That’s why Tee It Up for the Troops, with their national headquarters in Burnsville, Minn., has partnered with Textron Specialized Vehicles Inc., a Textron Inc. (NYSE:TXT) company, manufacturer of E-Z-GO vehicles, to donate customized vehicles to Fisher House, a foundation that provides comfort homes where military and veteran families can stay free of charge. Tee It Up for the Troops has donated a “battalion” of E-Z-GO vehicles to Fisher House facilities nationwide, with the recent 20th new ride delivered to the VA Palo Alto Healthcare System in California.

For the last seven years, Tee It Up for the Troops and E-Z-GO, in partnership with E-Z-GO distributor Versatile Vehicles of Prior Lake, Minn., have delivered several vehicles a year to Fisher Houses across the nation. The first was delivered to the Augusta VA Medical Center in Georgia in 2012, with others reaching the East Coast’s Walter Reed Medical Center in Maryland, the West Coast’s Camp Pendleton in California, and midwestern Fisher Houses in Milwaukee, Wisc. and Minneapolis, Minn.

“Tee It Up for the Troops has been there for us and has provided a vehicle to every one of our houses on a VA property that has needed one,” said Brian Gawne, Vice President of Community Relations for Fisher House Foundation. “Parking and getting around on a VA campus is always a challenge, and some families are not mobile. Thanks to Tee It Up for the Troops and E-Z-GO, these cars are a godsend when families are facing a tough medical crisis.”

“Recently we had a veteran discharged from the hospital after kidney removal surgery and it would have been extremely painful for him to bend into a vehicle to get back to Fisher House,” said Jenny Hall, Manager of the Alaska Fisher House. “The golf car allowed him to easily slide in and out at a comfortable height with minimal pain.”

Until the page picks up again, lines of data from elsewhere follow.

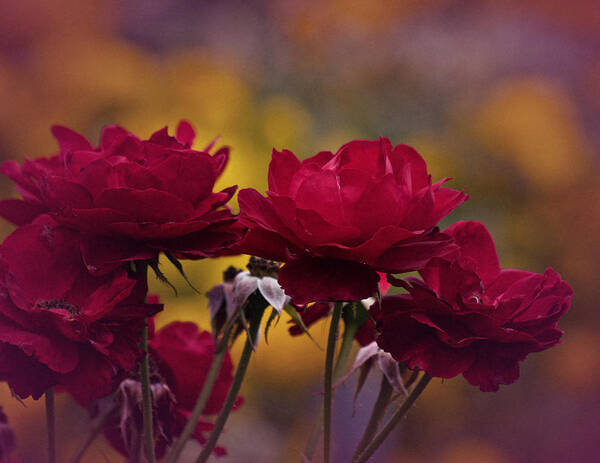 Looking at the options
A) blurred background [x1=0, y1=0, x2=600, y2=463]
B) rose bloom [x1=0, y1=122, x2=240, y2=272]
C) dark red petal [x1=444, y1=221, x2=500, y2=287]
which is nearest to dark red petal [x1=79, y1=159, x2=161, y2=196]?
rose bloom [x1=0, y1=122, x2=240, y2=272]

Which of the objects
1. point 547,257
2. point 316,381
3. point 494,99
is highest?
point 494,99

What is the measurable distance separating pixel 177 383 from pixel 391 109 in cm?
113

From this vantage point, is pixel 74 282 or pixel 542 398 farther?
pixel 542 398

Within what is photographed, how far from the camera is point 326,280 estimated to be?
0.23 m

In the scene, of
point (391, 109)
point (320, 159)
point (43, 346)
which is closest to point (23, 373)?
point (43, 346)

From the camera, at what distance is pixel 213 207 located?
26cm

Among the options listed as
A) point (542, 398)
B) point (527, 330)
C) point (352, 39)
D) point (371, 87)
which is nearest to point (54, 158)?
point (527, 330)

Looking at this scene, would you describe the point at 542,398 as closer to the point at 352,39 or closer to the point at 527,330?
the point at 352,39

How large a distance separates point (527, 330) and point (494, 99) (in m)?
1.22

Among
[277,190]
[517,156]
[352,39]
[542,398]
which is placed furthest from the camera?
[352,39]

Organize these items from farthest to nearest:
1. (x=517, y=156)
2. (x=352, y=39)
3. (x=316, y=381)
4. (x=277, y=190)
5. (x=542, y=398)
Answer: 1. (x=352, y=39)
2. (x=517, y=156)
3. (x=542, y=398)
4. (x=316, y=381)
5. (x=277, y=190)

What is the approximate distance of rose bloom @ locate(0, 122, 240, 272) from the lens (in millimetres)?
238

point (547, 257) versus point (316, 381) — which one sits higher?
point (547, 257)

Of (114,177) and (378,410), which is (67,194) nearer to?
(114,177) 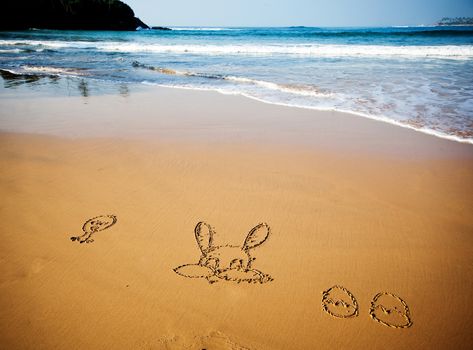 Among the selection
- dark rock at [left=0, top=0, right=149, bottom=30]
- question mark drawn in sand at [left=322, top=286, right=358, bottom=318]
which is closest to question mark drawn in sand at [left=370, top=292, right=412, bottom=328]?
question mark drawn in sand at [left=322, top=286, right=358, bottom=318]

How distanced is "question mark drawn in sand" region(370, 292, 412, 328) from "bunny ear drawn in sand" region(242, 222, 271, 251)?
3.05 ft

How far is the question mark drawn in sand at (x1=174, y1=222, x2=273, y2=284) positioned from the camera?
2.07 metres

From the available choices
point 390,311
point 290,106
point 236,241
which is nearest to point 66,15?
point 290,106

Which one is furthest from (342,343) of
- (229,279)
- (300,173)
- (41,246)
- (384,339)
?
(41,246)

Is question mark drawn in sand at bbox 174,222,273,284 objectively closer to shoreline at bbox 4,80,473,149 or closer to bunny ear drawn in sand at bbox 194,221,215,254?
bunny ear drawn in sand at bbox 194,221,215,254

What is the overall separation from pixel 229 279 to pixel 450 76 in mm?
10831

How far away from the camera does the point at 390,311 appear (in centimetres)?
185

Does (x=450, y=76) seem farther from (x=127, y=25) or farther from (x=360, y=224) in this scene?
(x=127, y=25)

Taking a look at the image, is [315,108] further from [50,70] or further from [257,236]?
[50,70]

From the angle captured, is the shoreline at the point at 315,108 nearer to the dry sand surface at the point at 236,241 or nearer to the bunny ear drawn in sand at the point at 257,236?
the dry sand surface at the point at 236,241

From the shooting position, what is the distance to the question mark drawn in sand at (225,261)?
6.79ft

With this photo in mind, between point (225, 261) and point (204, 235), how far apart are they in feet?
1.13

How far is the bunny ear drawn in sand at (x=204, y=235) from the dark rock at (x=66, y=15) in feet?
195

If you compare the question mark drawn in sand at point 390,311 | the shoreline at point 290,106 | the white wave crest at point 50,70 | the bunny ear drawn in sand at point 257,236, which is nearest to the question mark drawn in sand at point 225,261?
the bunny ear drawn in sand at point 257,236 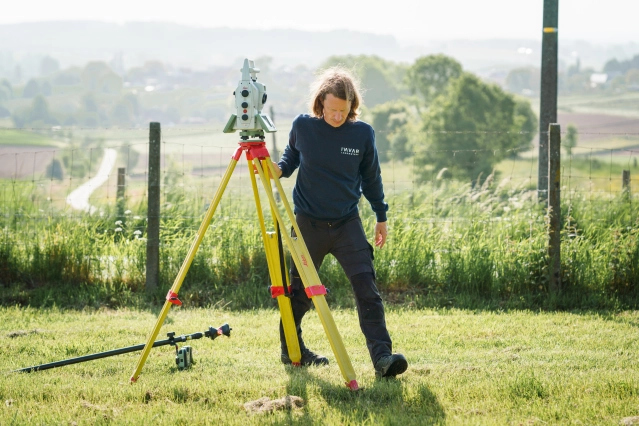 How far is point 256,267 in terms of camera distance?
7.84 meters

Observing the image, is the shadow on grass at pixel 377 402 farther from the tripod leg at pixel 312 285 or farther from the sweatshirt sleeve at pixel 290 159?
the sweatshirt sleeve at pixel 290 159

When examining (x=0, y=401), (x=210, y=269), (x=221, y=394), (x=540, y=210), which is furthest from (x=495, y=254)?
(x=0, y=401)

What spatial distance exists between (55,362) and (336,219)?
206 centimetres

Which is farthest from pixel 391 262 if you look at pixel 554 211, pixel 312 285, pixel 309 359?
pixel 312 285

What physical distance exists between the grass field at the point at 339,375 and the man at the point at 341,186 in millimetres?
404

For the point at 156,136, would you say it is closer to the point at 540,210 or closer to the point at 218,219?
the point at 218,219

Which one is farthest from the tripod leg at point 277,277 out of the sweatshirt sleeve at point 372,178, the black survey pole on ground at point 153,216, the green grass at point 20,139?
the green grass at point 20,139

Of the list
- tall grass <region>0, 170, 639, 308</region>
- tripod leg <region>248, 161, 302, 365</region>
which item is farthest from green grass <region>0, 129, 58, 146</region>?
tripod leg <region>248, 161, 302, 365</region>

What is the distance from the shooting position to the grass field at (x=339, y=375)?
3973mm

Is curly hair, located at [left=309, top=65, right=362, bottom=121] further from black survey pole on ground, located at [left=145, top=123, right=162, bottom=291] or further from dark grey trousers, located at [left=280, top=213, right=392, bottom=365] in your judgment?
black survey pole on ground, located at [left=145, top=123, right=162, bottom=291]

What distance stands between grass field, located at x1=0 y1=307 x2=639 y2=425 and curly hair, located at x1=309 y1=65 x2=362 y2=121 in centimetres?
167

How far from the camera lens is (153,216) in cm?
780

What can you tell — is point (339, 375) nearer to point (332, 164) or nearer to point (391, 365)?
point (391, 365)

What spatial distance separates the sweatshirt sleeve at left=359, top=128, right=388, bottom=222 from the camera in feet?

“It’s great teaming up with E-Z-GO and working together to make our heroes’ lives better,” said Tim Wegscheid, President & Executive Director for Tee It Up for the Troops. “I truly believe our veterans and their families are entitled to be taken care of, and donating these vehicles is just one way we do that.”

Tee It Up for the Troops has hosted 500 fundraising events in over 40 states over the last 15 years, allowing the non-profit organization to donate over $10 million to military service organizations that provide critically needed services to combat veterans and their families.

“Electric shuttles that are quiet and efficient can take a whole family or injured warfighter from a Fisher House around the campus to receive therapy or see a doctor,” said Brandon Haddock, Director, Communications at Textron Specialized Vehicles. “The vehicles can traverse facility paths, parking lots, and even into the entry of a VA hospital. It’s great to see how excited people are about the shuttles and to give the veterans something they really need.”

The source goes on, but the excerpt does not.